2014-06-25 00:24:11 | mathematics
いまさらこんなことを理解した,などと書くのはまずいかもしれないが,書いてしまおう。

常微分方程式の解法はよく整理されているものの,様々な技法がたくさん出てきて身に付けるのは大変である。

代数方程式の解法にたとえれば,連立1次方程式のCramerの公式と2次方程式の解の公式,さらには3次方程式と4次方程式の解の公式を次々に習ってそれらの使用にある程度習熟することが要求されるわけである。それぞれ使いこなせるようになるまでにそれなりの経験を積む必要がある。

それはさておき,常微分方程式の解を積分によって具体的に求める求積法と呼ばれる解法は,微分積分学の基本定理を樹立した Newton と Leibniz,そして彼らと同時代,あるいはすぐ次の時代に活躍した Bernoulli 一家や Euler によって,ほぼ100年の間にことごとく確立されてしまったようである。曲線の方程式から接線の方程式を見出すような微分法は Huygens, Pascal, Fermat など,Newton と Leibniz の少し前の世代によってかなり発展させられており,Newton や Leibniz の時代には,逆接線の問題,つまりある法則に基づいて定められるような接線を持つ曲線を見出すという問題が大流行していたようである。そもそも Newton が Kepler の三法則をヒントに,観測データから物理法則を見出すという一種の逆問題を解決したことも,似たような精神が作用していたに違いない。

ところで,Newton と Leibniz のことはあまりよく知らないのだが,ごく限られた断片的な知識に基づいて勝手に偏見を下させてもらえば,Newton は神の摂理を解明するというスタンスでさまざまな物理現象を解析したのに対し,Leibniz は人間の知的活動,とりわけ論理的な思考に強い興味を抱いており,そうした知的活動の一つである数学にも多大な興味を有していたのではないかと感じる。何が言いたいかというと,両者はともに微分と積分が互いに他の逆の演算操作であることをはっきりと見抜いたという点で微分積分学の創始者に並び称されるわけだが,その微分積分学を究明しようとした背後の動機はかなり異なる物だったのではないかと思うのである。

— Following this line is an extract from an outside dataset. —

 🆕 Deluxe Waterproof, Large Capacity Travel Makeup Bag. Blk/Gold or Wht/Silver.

Newton は造幣局長といったポストにつき,Leibniz は政治の世界でも活躍したそうだが,それらの本務の合間を縫って,一体どういった時間にそれらの創造的な深い研究を成し遂げたのか,彼らの一週間の過ごし方に非常に興味があるのだが,伝記などを調べればヒントが得られるかもしれない。特に社交界などに出入りしていたら,あまりプライベートな研究時間は取れなかったのではないかと思うのだが,どうなのだろう。なんだかんだいって,多忙な現代人と同じくらい忙しかったのではないかという気がするのである。

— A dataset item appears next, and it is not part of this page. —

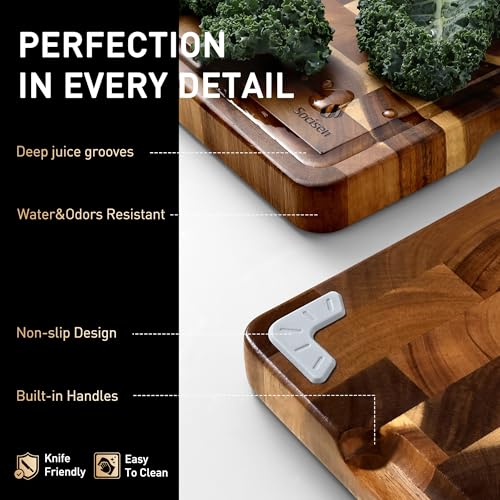 Large End Grain Cutting Board for Kitchen with Non (24"L x 18"W)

しまった。ついつい最近ぐるぐると頭の中で考え続けていることをここぞとばかりに掃き出してしまった。もともと書こうと思っていたことを書こう。


自分たちで考え出した問題を解くために,天才たちは自力で解法を編み出していった。それらはとにかく正しい解にいかにして到達するかという職人芸の集大成であって,「こうやってみたら解けた」という工夫の寄せ集めに過ぎない。天才たちが日夜苦心惨憺して編み出した技の数々を,我々凡人はありがたく受け継がせていただくだけでいいわけであるが,そうした技の一つに,dx と dy を同等に扱った

Pdx+Qdy=0

と書かれる微分方程式がある。微分方程式の解とは,与えられた条件を満たす接線を持つ曲線のことだという,当時の常識から考えれば至極当然の成り行きであるが,関数たるもの,y=f(x) という式で表されていなければならん,と中学生の頃から叩き込まれてきた我々現代っ子はこのような自由奔放な問題の書き換えに出会うとひどく面食らう。

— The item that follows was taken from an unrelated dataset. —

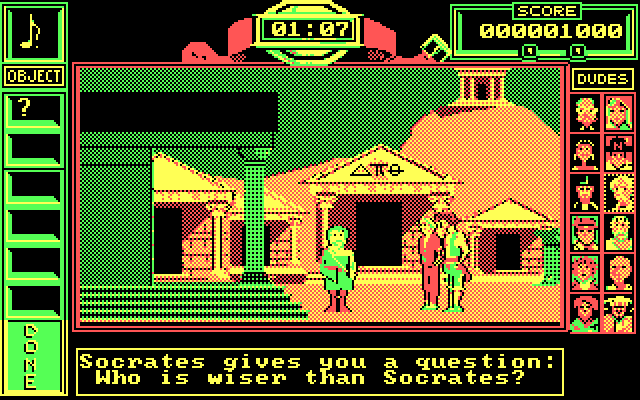 Bill & Ted's Excellent Adventure IBM PC/Compatibles Screenshot: Socrates has a question for you.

さて,この微分方程式の解は,P と Q を生み出す一つの原始関数 u である。それはつまり ∇u=(P,Q) となるスカラーポテンシャル u を見出すことに他ならない。しかし,スカラー関数の勾配の回転はゼロベクトルになるという,揺るがすことのできない厳然たる数学的事実があるため,∇×(P,Q,0)=0 とならないような関数 P, Q の組み合わせに対しては,残念ながらうまい u が存在しない。ただ,誤解してはならないのは,この渦無しの条件を満たさなくとも,微分方程式の解がないというわけではなく,-P/Q という2変数関数が連続な偏導関数を持つというもっとゆるい条件を満たせば必ず解が存在することは言えるのである。ただ,そのような解を見出すうまい手法はきわめて特別な場合でなければ存在しない。その特別な場合というのが,変数分離形であることだったり,-P/Q が未知関数 y に関して線形であることだったり,同次形であることだったりするわけである。それらの枠組みから外れたものも一部含むのが完全微分方程式と呼ばれるグループであるに過ぎない。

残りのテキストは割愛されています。